The increasing pace of transition among Chinese engineering and construction (E&C) companies is a main driver of widening credit differentiation in the sector, Fitch Ratings said in a recent release.

Fitch expects contractors that diversified into renewable energy, power, and industrial projects to shield their margins amid subdued demand for traditional projects.

Meanwhile, companies reliant on residential housing and conventional infrastructure could observe slower contract momentum, fast EBITDA drops, and increasing leverage, the rating agency said.

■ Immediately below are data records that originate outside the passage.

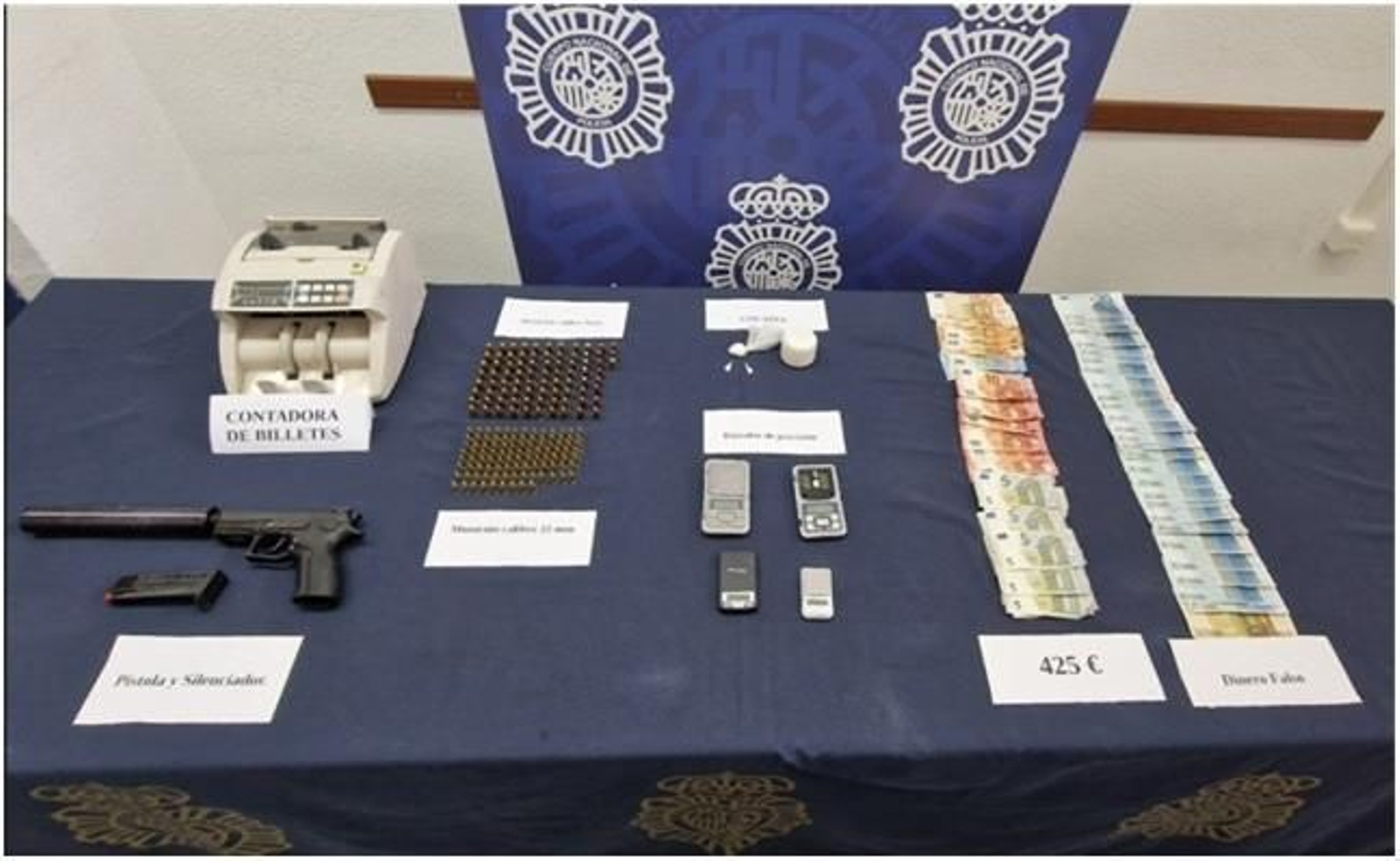 Material decomisado durante la operación.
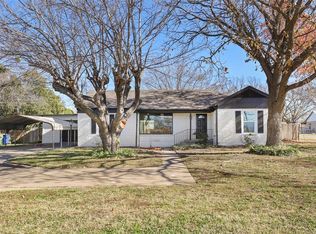 910 Dairy Rd, Garland, TX 75040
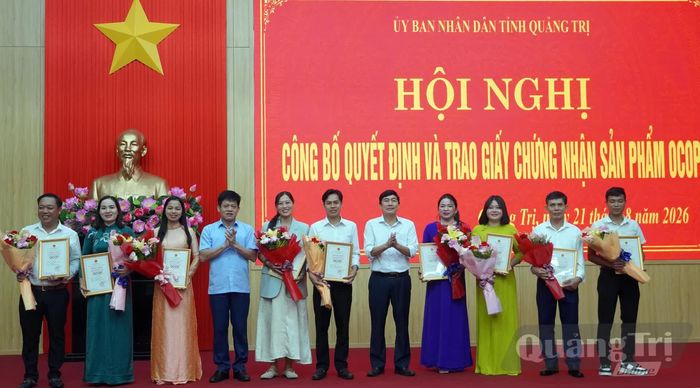 Đồng chí Lê Văn Bảo, Phó Chủ tịch UBND tỉnh và đại diện lãnh đạo Sở Nông nghiệp và Môi trường trao giấy chứng nhận và tặng hoa chúc mừng các chủ thể có sản phẩm OCOP 3 sao - Ảnh: H.Tr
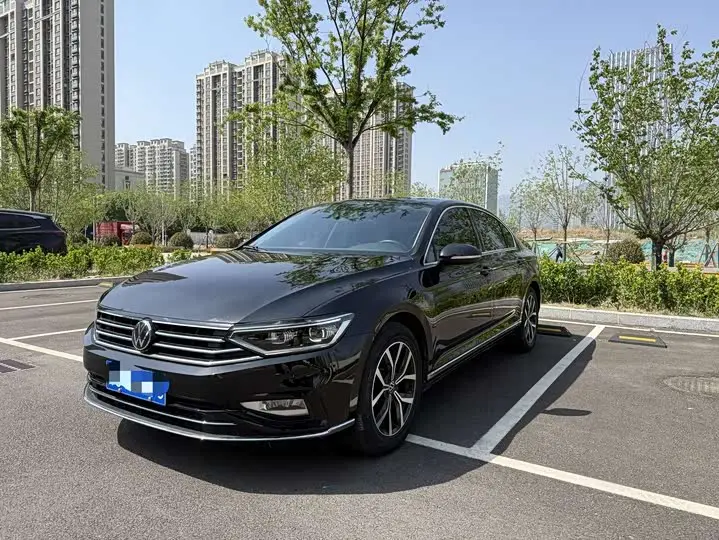 Volkswagen Magotan 2020, арт. CN-3103379 — фото 1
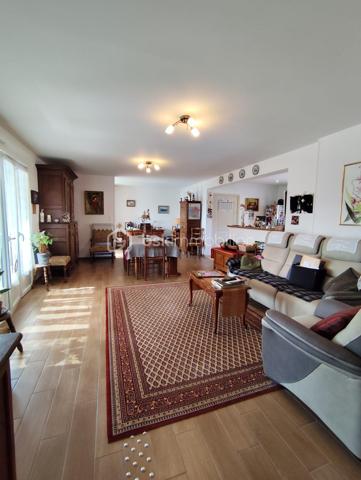 EN EXCLUSIVITE, Frédéric GIRARD vous propose ce bien rare sur le secteur : un pavillon de plain-pied en parfait état, de 156 m² habitables, construit en 2013 aux normes PMR, avec deux garages, un large grenier aménageable et excellent DPE C, à seulement quelques minutes de Bagnoles-de-l'Orne.

Derrière sa façade sobre se cache une habitation pensée pour le confort quotidien : larges circulations, sols carrelés sans rupture de niveau, accès fluide à chaque espace.

Dès l'entrée et sa penderie, les volumes et la luminosité procurent une agréable sensation d'espace. 

Le séjour, convivial, lumineux et disposant d'un conduit de cheminée, s'ouvre sur une véranda qui invite à profiter de l'extérieur en toute saison. 

La cuisine ouverte, aménagée et équipée, s'intègre harmonieusement à l'espace de vie et se complète d'une arrière-cuisine/buanderie particulièrement pratique.

Un large dégagement avec penderies, dessert deux belles chambres, une salle d'eau, et un wc indépendant.

A la suite du dégagement, la distribution actuelle propose également une belle suite de plain-pied composée d'une chambre, d'une salle d'eau, d'un WC et d'un espace cuisine. Un aménagement rare qui pourra séduire aussi bien les familles souhaitant accueillir un proche, les acquéreurs recherchant une véritable suite parentale, que les professions libérales ou indépendants en quête d'un espace dédié à leur activité. L'ensemble est parfaitement attenant, mais aussi être totalement indépendant.

Deux garages à portes sectionnelles motorisées offrent un stationnement aisé pour plusieurs véhicules. 

Un vaste grenier aménageable sur l'ensemble présente un réel potentiel d'extension future. 

Une cave complète les espaces de rangement. 

Le terrain de 1 200 m², parfaitement entretenu et revêtu d'un bel enrobé, facilite les déplacements au quotidien.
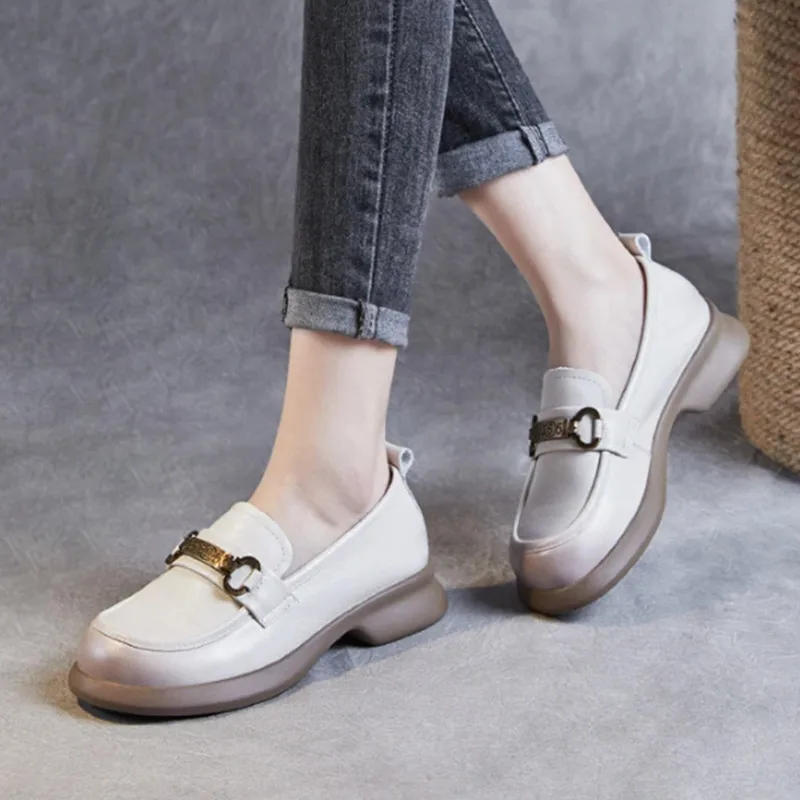Casual sports leather shoes sexy round toe pullover foot cowhide casual flats women's spring and summer
Casual sports leather shoes sexy round toe pullover foot cowhide casual flats women's spring and summer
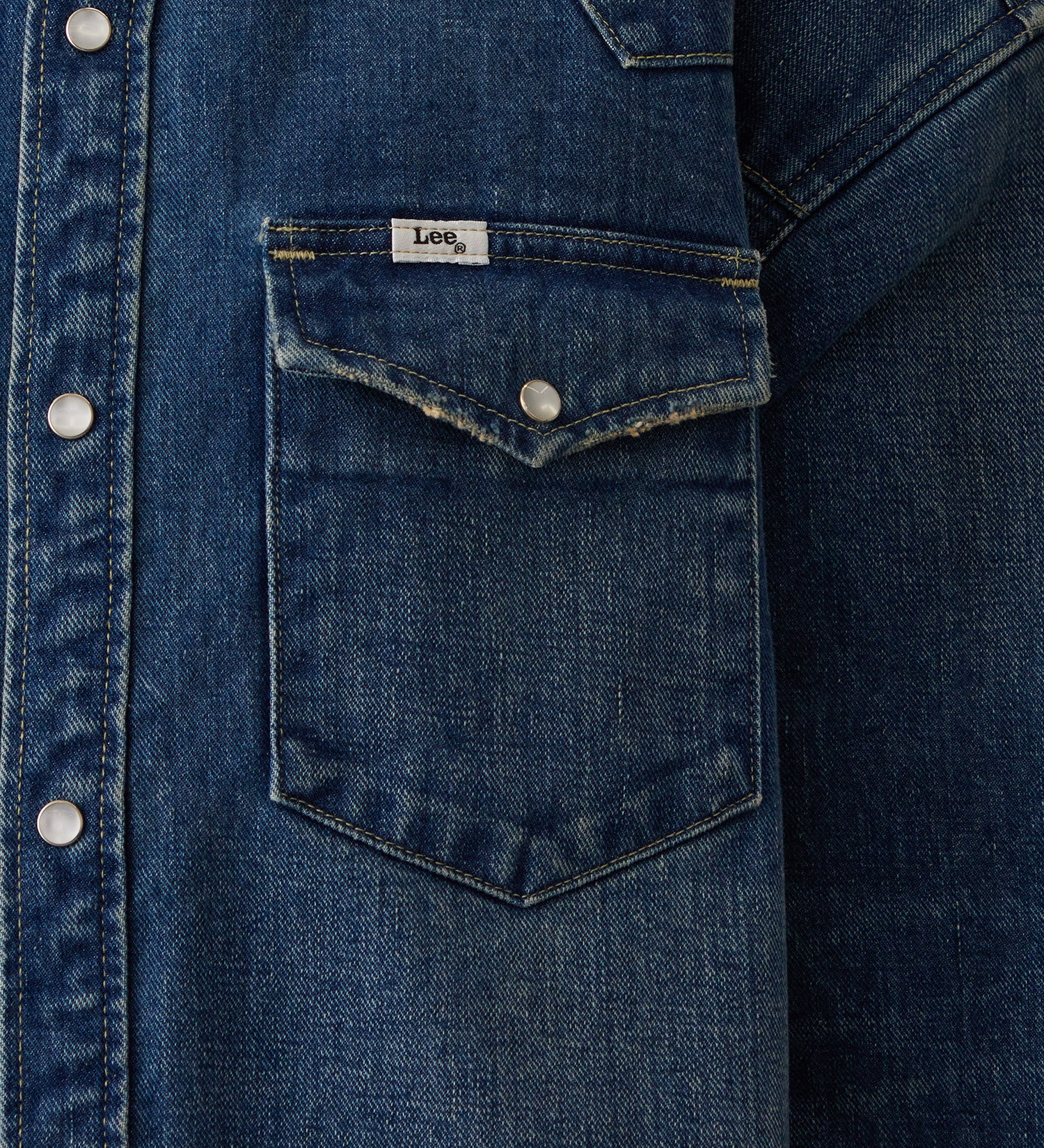 Lee(リー)の【予約】【101 101周年記念特別モデル】ANNIVERSARY 101 ICONIC BAND COLLAR SHIRTS JACKET セットアップ可|トップス/シャツ/ブラウス/レディース|中色ブルー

Leaders such as China State Construction Engineering (SHA:601668) have notably reduced their residential housing exposure to about 15% last year from 35% in 2021, while power-focused peers like Power Construction Corp. of China (SHA:601669) and China Energy Engineering (HKG:3996, SHA:601868) posted strong margins and EBITDA, according to Fitch.

High capital expenditure kept free cash flow (FCF) negative for most issuers last year, despite improved working capital management, Fitch said.

Leverage continues to be a pressure point for E&C companies' standalone credit profiles, with retained negative FCF weighing on EBITDA gross and net leverage, the rating agency said.